Sözü geçen konularda, bu türden cinayetlerin medyada nasıl yer
aldığından başlamak üzere parmağımıza sarmamız gereken birçok
netameli konu var. Ben açıkçası, yanlış anlaşılacağı başından belli
olan bu konularda çok önemsememe rağmen yazı yazmamaya özen
gösteriyorum. Nihal, öyle yapmamış, mevzuyu, ilk bakışta aklımıza
gelmeyen, kurcalamaktan uzak durduğumuz, asıl ‘netameli’ alana,
kadın ve erkek cinselliği konusuyla ilintilendirmiş.
Bence, mevcut modern ‘cinsellik söylemi’, cinsellik konusunu,
öncelikle, ‘netameli’ bir alan olduğunu baştan redderek, hakkıyla
tartışmaktan bucak bucak kaçıyor. Hal böyle diye, kadın-erkek
konusunu mevcut klişelerin alanı dışına taşmadan düşünmeye devam
etmek zorundamıyız? ‘Dogma’ haline gelen her söylem, düşünme,
sorgulama faaliyetini tehlikeli biçimde köreltmiyor mu?
Bakın, polemiğe konu olan yazının başlığında geçen ‘femme fatale’
tabirinden işe başlayabiliriz. ‘Öldürücü kadın’ diye düz tercüme
edeceğimiz, aslında ‘karşı konulmaz, başa çıkılmaz’ anlamında bir
cazibeye işaret eden tabirin kendisi üzerine düşünmeye başlarsak
nereye varırız, düşünmek lazım. Herhalde, bu tabirden yola çıkarak,
‘Vay, kadınlara karşı ayrımcılık yapılıyor, kadın neden öldürücü
olsun, o dünya barışının teminatıdır’ diyecek halimiz yok. Tabii
diyen de çıkabilir de, bu sınırlar içindeki bir cinsellik algısının
ne kadar sası olacağını tahmin edebilirsiniz.
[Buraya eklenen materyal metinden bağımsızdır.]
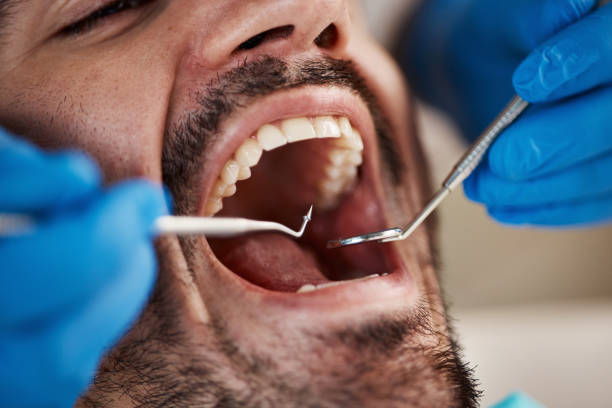 Best Mobile Emergency Dentist in Baldwin, GA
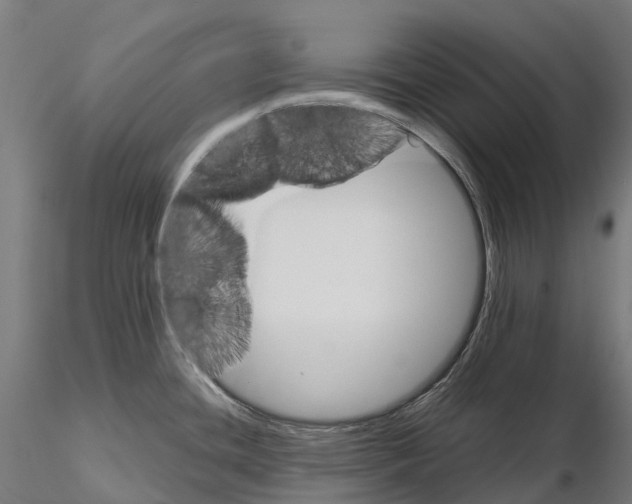 X0000115701436200912031455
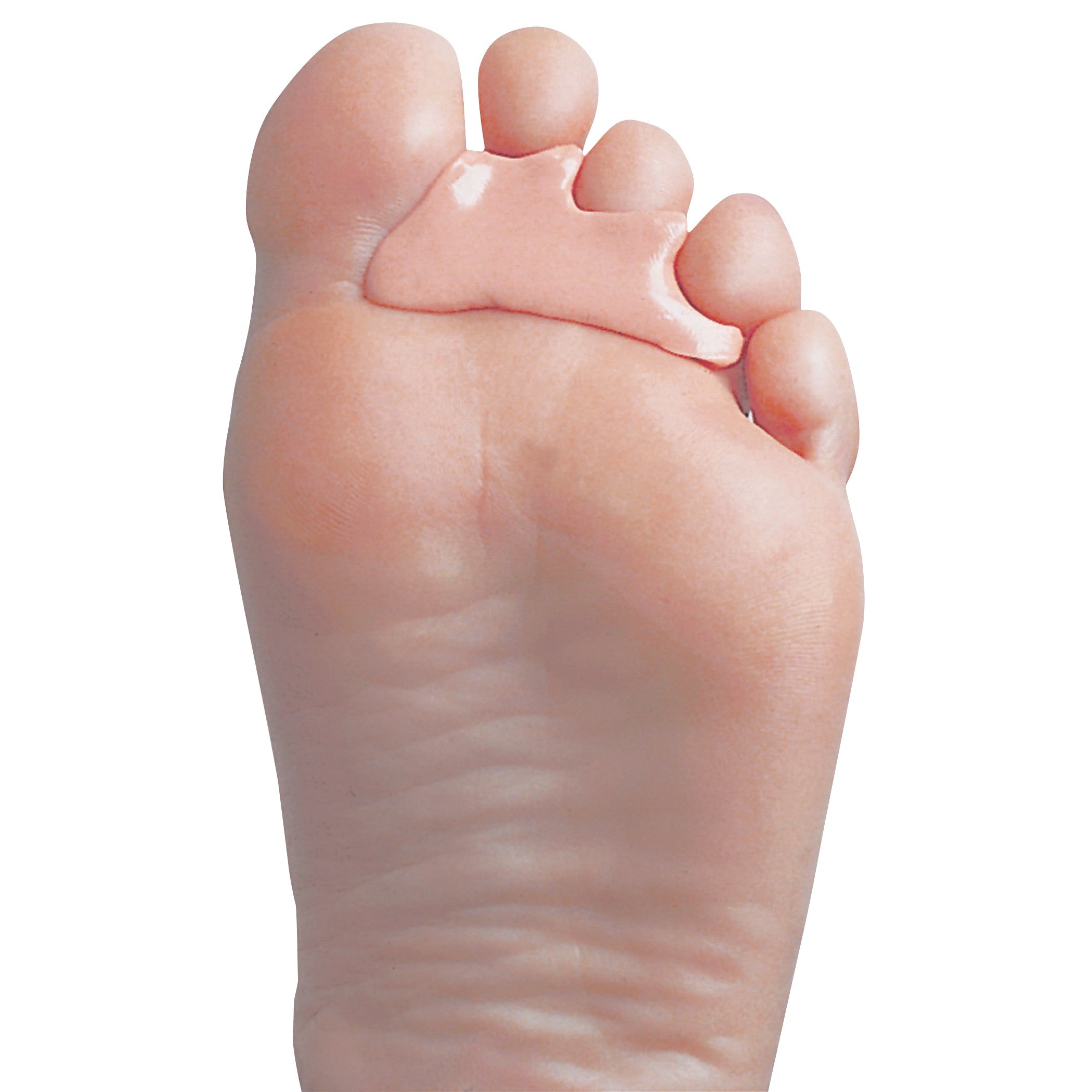 A foot with PediFix PediPlast Moldable Podiatric Compound applied between toes, providing cushioning and support.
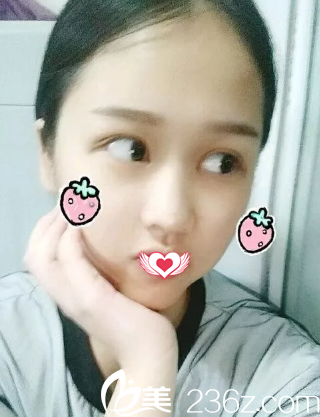 眼綜合12天手術(shù)痕跡消失 眼綜合12天手術(shù)痕跡消失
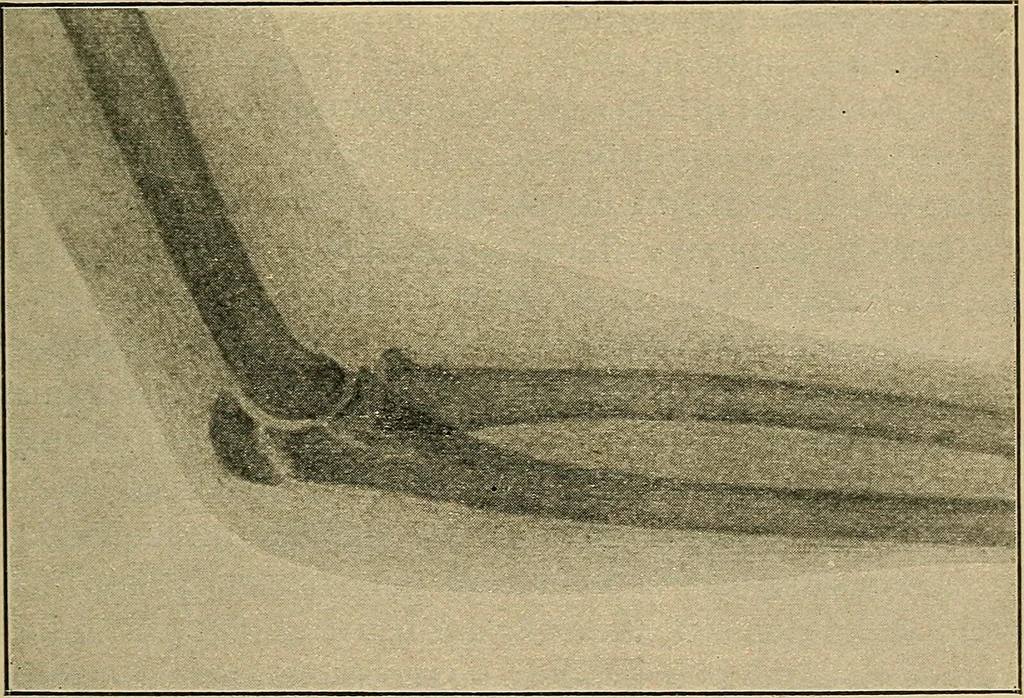 An illustration from Atlas and epitome of traumatic fractures and dislocations / by H. Helferich ; auth. tr. from the German, ed. by Joseph C. Bloodgood., 1902, leaf 299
Veya ‘baştan çıkarma’ tabirinin, daha ziyade kadınlar için
kullanılmasına karşı, ‘Vay, bu terim kadını günaha davet eden bir
varlık olarak tanımlayan tutuculuğun bir uzantısıdır’ demek mümkün.
Ama, sizce buraya nokta koyup yola devam edersek, kadın cazibesinin
iktidarı ve erkek iktidarını tehdit eden boyutunu fazlaca es geçmiş
olmuyor muyuz?
Dahası, genel olarak, cinselliğin ‘tehlikeli bir oyun alanı’
olduğunu inkâr etmenin bedeli sadece, bu alanda olan biteni
kavramakta zorlanmak değil, oyunun tadını kaçırmak değil mi?
İçinde cinayet geçen bir polemik üzerine yazarken ‘tehlikeli oyun’
tabirini kullanmanın riski olduğunu biliyorum. Ama bu konuların, ya
tüketime dönük, ucuz kışkırtıcı ya da, öbür uca savrularak ciddilik
adına, sası bir dille geçiştirilmesinden gına geldi. Artık, ‘kadın
dergisi edebiyatı’nı bir yana bırakıp, geçin işin felsefesini, hiç
olmazsa biraz gerçek edebiyat okumakla işe başlasak diyorum.